Dear W. Bangerth,
I apologize for writing the issue in very short form. Following is the detailed issue.
I have a compressible‐Euler/NS solver built on deal.II that:
1. Runs cleanly in single‐core or multi‐core mode (no restart).
2. Can write both VTU and HDF5+XDMF outputs via
- output_results_vtu() (per‐rank VTU)
- output_results_xdmf() (collective HDF5 + XDMF)
Checkpoint / serialization- Serialize metadata (time, step counters, XDMF entries):
template <int dim>
template <class Archive>
void NS<dim>::serialize(Archive &ar, const unsigned int /*version*/)
{
// solution is handled via SolutionTransfer
ar & time;
ar & next_out_time;
ar & output_file_number;
ar & iter_restart;
ar & xdmf_entries;
}
- Checkpoint routine (all ranks save mesh; rank 0 writes “checkpoint_cgsem”):
template <int dim>
void NS<dim>::checkpoint()
{
// 1) apply constraints, ghost‐value fill
PVector sol_copy = solution;
constraints.distribute(sol_copy);
sol_copy.update_ghost_values();
// 2) tell SolutionTransfer to pack sol_copy
parallel::distributed::SolutionTransfer<dim,PVector> st(dof_handler);
st.prepare_for_serialization(sol_copy);
// 3) all ranks write mesh pieces
triangulation.save("tmp.checkpoint");
// 4) rank 0 writes metadata
if (Utilities::MPI::this_mpi_process(mpi_comm)==0)
{
std::ofstream f("tmp.checkpoint_cgsem",std::ios::binary);
boost::archive::binary_oarchive ar(f);
serialize(ar,0);
}
MPI_Barrier(mpi_comm);
// 5) rename files to “checkpoint” and “checkpoint_cgsem”
…
}
- Restart
routine (all ranks load mesh; repartition; reinit vectors; rank 0 reads
metadata; broadcast; SolutionTransfer::deserialize):
template <int dim>
void NS<dim>::restart()
{
// 1) load triangulation + redistribute DoFs
triangulation.load("checkpoint");
dof_handler.distribute_dofs(fe);
// 2) reinit all vectors, including ghosted_solution
// 3) rebuild constraints
// 4) rank 0 reads metadata
if (Utilities::MPI::this_mpi_process(mpi_comm)==0)
{
std::ifstream f("checkpoint_cgsem",std::ios::binary);
boost::archive::binary_iarchive ar(f);
serialize(ar,0);
}
MPI_Barrier(mpi_comm);
// 5) broadcast metadata to all ranks
// 6) deserialize solution via SolutionTransfer
parallel::distributed::SolutionTransfer<dim,PVector> st(dof_handler);
st.deserialize(solution);
constraints.distribute(solution);
solution.update_ghost_values();
assemble_mass_matrix();
}
Where is it exactly hanging:- Fresh run: always works single (even restart) or multi core..
- output_results_vtu() always works.
- output_results_xdmf() works on 1–n cores, no deadlock.
Restart run on multiple ranks:- Everything up to restart() completes fine,
- At
the first call to output_results_xdmf(), the program hangs (never
returns) inside data_out.add_data_vector(dof_handler, /* distributed
vector */, postprocessor);
- Restart + single‐rank: works.
- Restart + multi‐rank: always hangs.
I have tried output_results_xdmf() with rank‐ordered MPI_Barrier and cout statements.
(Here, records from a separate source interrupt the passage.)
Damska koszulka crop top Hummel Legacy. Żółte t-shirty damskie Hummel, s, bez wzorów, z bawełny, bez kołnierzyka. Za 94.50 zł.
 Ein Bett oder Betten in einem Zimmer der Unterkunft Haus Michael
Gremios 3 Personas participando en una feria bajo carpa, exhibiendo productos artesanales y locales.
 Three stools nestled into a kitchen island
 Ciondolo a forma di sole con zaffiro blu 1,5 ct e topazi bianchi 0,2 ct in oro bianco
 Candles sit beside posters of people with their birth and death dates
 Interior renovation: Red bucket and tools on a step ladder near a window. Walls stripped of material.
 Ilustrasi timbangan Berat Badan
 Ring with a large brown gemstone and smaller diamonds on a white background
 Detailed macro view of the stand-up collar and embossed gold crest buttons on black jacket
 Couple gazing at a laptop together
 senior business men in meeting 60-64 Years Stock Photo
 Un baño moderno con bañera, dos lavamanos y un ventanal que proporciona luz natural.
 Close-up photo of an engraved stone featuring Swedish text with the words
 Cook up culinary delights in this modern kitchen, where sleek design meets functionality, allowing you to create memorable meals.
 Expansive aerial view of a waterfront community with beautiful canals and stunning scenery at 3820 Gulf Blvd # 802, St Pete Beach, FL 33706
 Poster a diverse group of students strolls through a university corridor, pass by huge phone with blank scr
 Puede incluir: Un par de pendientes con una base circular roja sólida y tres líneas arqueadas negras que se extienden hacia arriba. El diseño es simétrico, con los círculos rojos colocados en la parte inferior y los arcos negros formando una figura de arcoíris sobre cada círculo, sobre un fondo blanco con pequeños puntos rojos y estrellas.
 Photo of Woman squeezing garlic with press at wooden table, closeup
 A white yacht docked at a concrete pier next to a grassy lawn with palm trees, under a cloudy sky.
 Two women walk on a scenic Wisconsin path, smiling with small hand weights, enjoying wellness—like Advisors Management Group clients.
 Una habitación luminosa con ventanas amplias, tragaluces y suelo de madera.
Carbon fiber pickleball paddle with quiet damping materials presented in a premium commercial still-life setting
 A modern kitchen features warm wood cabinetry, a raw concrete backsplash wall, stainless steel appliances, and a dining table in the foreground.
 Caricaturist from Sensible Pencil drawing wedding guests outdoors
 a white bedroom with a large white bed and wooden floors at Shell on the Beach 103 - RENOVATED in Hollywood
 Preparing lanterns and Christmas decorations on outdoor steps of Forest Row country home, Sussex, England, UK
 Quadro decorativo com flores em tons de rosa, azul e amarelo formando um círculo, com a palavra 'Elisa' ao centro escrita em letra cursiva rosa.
All ranks reach the call to
data_out.add_data_vector(dof_handler, solution, postprocessor) in lockstep, but then never proceed.
What I’m suspecting
- Ghost‐index mismatch: After restart, the LinearAlgebra::distributed::Vector’s internal Partitioner may not have the correct ghost indices, so the collective add_data_vector() deadlocks when trying to exchange data.
- SolutionTransfer misuse: Perhaps the sequence of
st.deserialize(solution);
constraints.distribute(solution);
solution.update_ghost_values();
does not recreate exactly the same ghost layout that DataOut expects.
- Mesh file name mismatch: When saving/loading mesh pieces, the restart load may pick up only one file (e.g. checkpoint.info), leaving some ranks with an empty mesh, so add_data_vector() stalls trying to gather geometric data.
I have the following queries 1. Proper ghost‐vector reconstitution after restart
What is the canonical “deal.II” way to restore a distributed vector
and its ghost entries after loading a mesh and DOF‐handler from disk?
VectorType tmp(locally_owned, locally_relevant, mpi_comm);
solution_transfer.deserialize(tmp);
tmp.update_ghost_values();
solution = tmp;
solution.update_ghost_values();
constraints.distribute(solution);
or import(solution, VectorOperation::insert). Which is correct?
2. DataOut::add_data_vector deadlock:
Has anyone encountered DataOut::add_data_vector() hanging on a
restarted run? What synchronization or ghost‐setup steps are required
before calling it?
3. Mesh save/load conventions
I use triangulation.save("checkpoint") and
triangulation.load("checkpoint"). Are there pitfalls in using the
“tmp.checkpoint” naming that might leave some ranks without a file to
load?
4. Boost serialization of distributed vectors
I rely on SolutionTransfer::prepare_for_serialization() and
deserialize() to shuttle the solution through the mesh checkpoint. Are
there examples of restart working robustly with HDF5+XDMF output that I
could compare against? I checked step 83 and 69.
Any pointers or minimal reproductions would be hugely appreciated!
Thank you in advance for any insight.